However, recent research [2], [10] has highlighted that, while cache partitioning is successful in most cases, in some situations, contention on shared internal units such as the MSHRs or the write-back unit can also introduce substantial inter-core interferences. In [10], the authors evaluate the impact of inter-core interference originated at the MSHRs on multiple platforms and propose a solution to eliminate this contention. The solution is based on a combination of a small hardware module and an OS-level controller. Their experiments show that, if left unmanaged, the execution time of independent cores is multiplied respectively by 10.6 and 21.3 under read and write workloads. Via simulation, they prove that their approach successfully provides the best overall throughput for each core while mitigating the inter-core interference caused by the MSHRs. Similarly, [2] investigates the contention in caches caused by shared internal units in the case of Denial-of-service (DOS) attacks and propose an OS-level solution enabling finer management of the system bandwidth. In contrast to [10], the internal unit studied and exploited is the write-back unit. They report that, by exploiting this unit efficiently, one can increase the execution time of a victim task by a factor of 346.

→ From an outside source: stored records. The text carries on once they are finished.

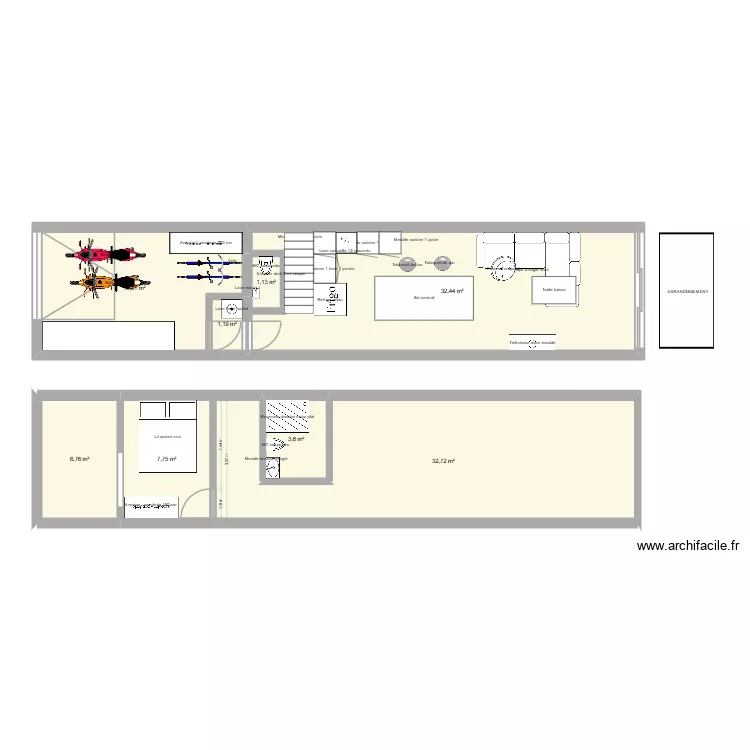 MARINA 2. Plan de 8  et 102 m²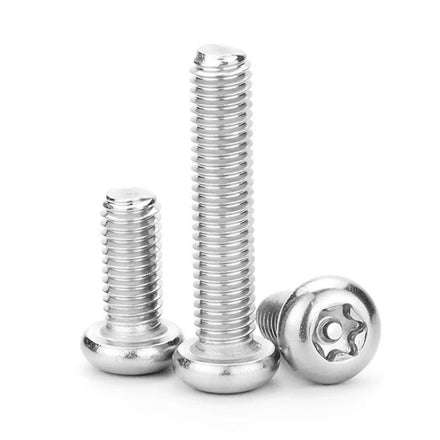 M2 M2.5 M3 M4 M5 M6 M8 ISO7380 304 Stainless Steel A2 Star Drive Bolts Torx Drive Button Head Machine Screws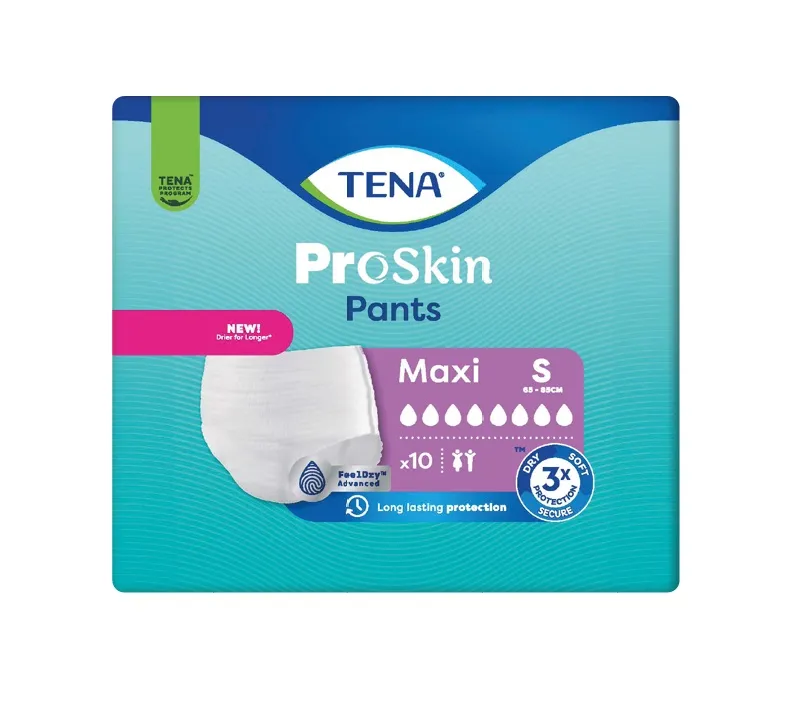 Tena Pants ProSkin Maxi S inkontinenční kalhotky 10 ks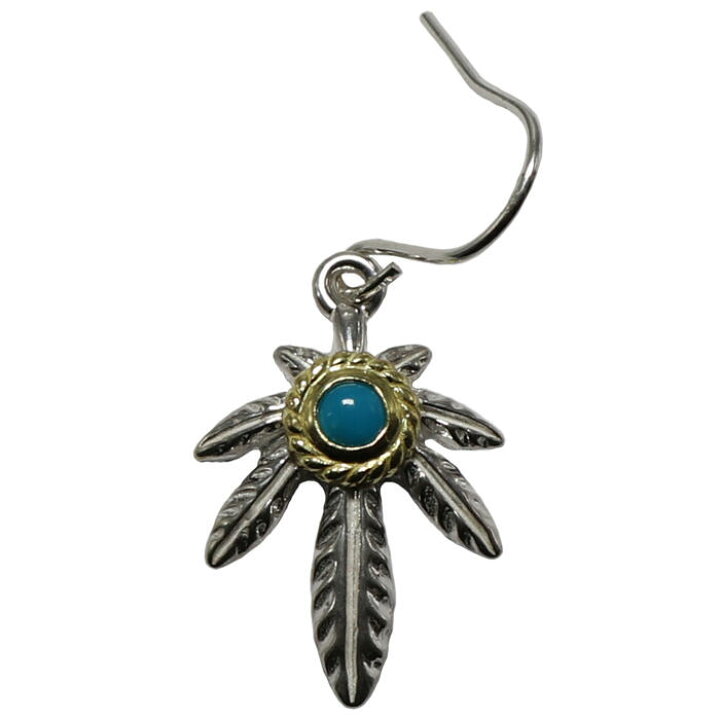 楽天市場 ガンジャ金縄ターコイズピアス Sサイズ Tady King タディアンドキング Goro S ゴローズ魂継承 ピアス メンズ レディース ブランドピアス イヤリング シルバー ピアス インディアンジュエリー シルバーアクセサリーレジスト原宿 シルバーアクセサリーレジスト原宿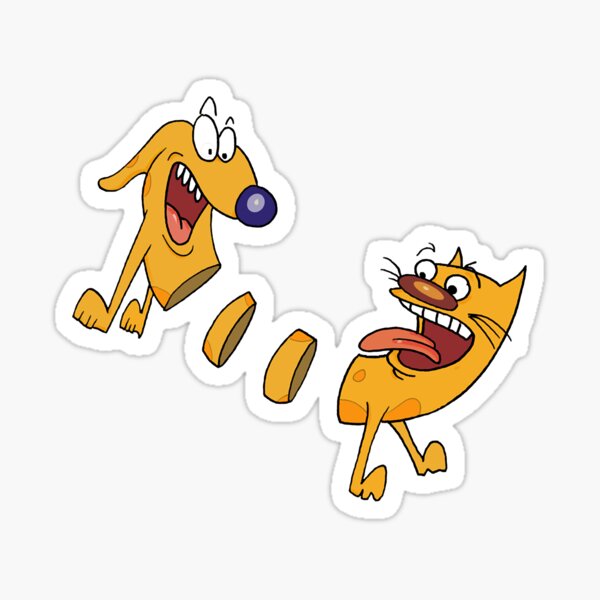 "Movie Funny Catdog Cartoon Cute Colors" Sticker For Sale By ...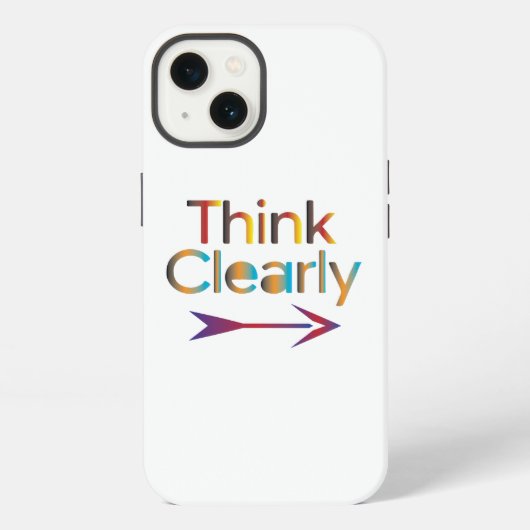 Etui iPhone 13 Pensez clairement (Verso)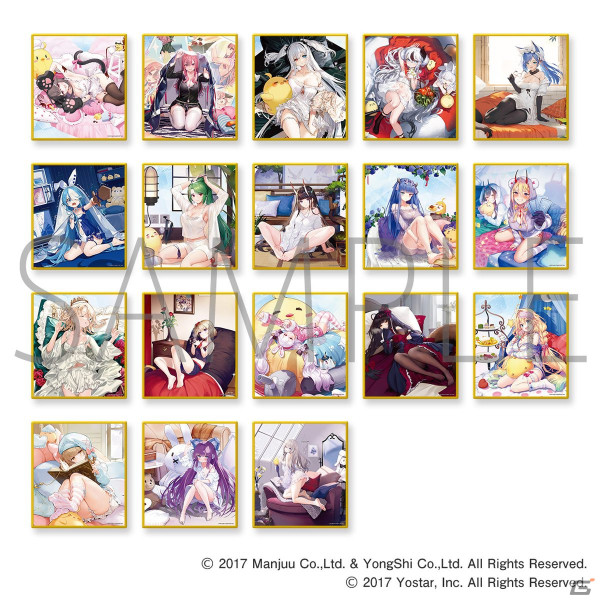 「アズレン」インプラカブル、ニュージャージー、雲仙のランジェリーをテーマにした描き下ろしグッズがマジくじオンラインに登場！の画像13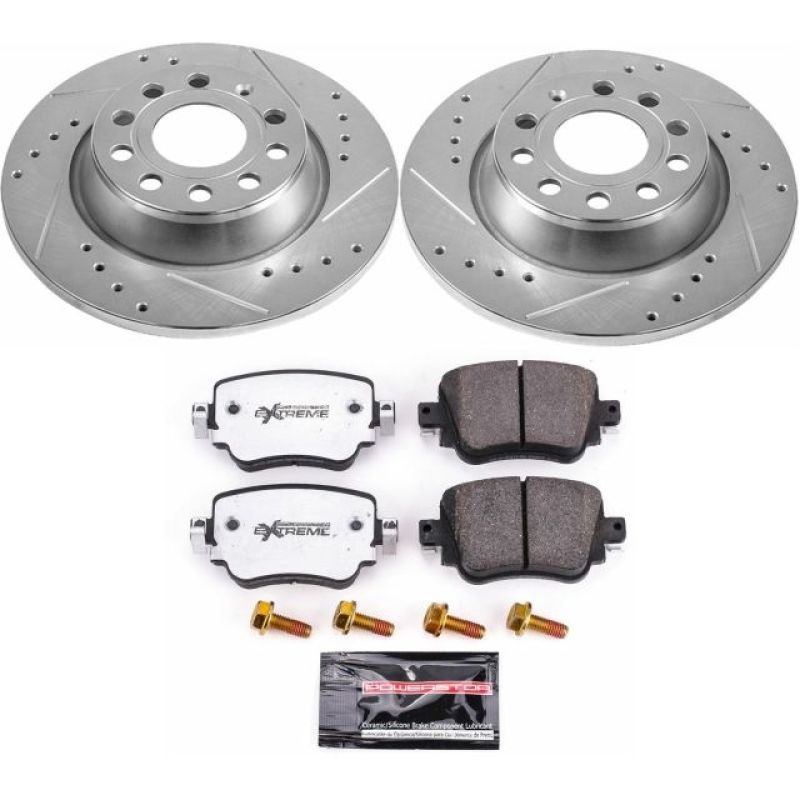 PowerStop Power Stop 16-18 Audi Q3 Rear Z26 Street Warrior Brake Kit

The CPU-brainfreeze studied in this paper differentiates itself from the one in [2], [10] as inter-core interference is not caused by the saturation of shared resources. Instead, the CPU-brainfreeze arises when a single outstanding transaction is left unserved by the target memory for an extended period.

## IV. SYSTEM MODEL

The system model assumed in this paper is composed of two isolated actors: a *victim* and an *attacker*. On one hand, the victim is defined as a set of trusted *hard real-time tasks* (HRTs). On the other hand, the attacker is a lightweight application in charge of disturbing the victim. The attack consists in a continuous flow of single sequential read transactions emitted towards a slow memory, the AXI-Regulator<sup>1</sup>.

This section is divided into three parts, each giving further details on the system model components. First, in Section IV-A details regarding the isolation of the actors are given. Secondly, a complete description of the attacker's design is provided in Section IV-B. Finally, Section IV-C explains the AXI-Regulator architecture and mechanism.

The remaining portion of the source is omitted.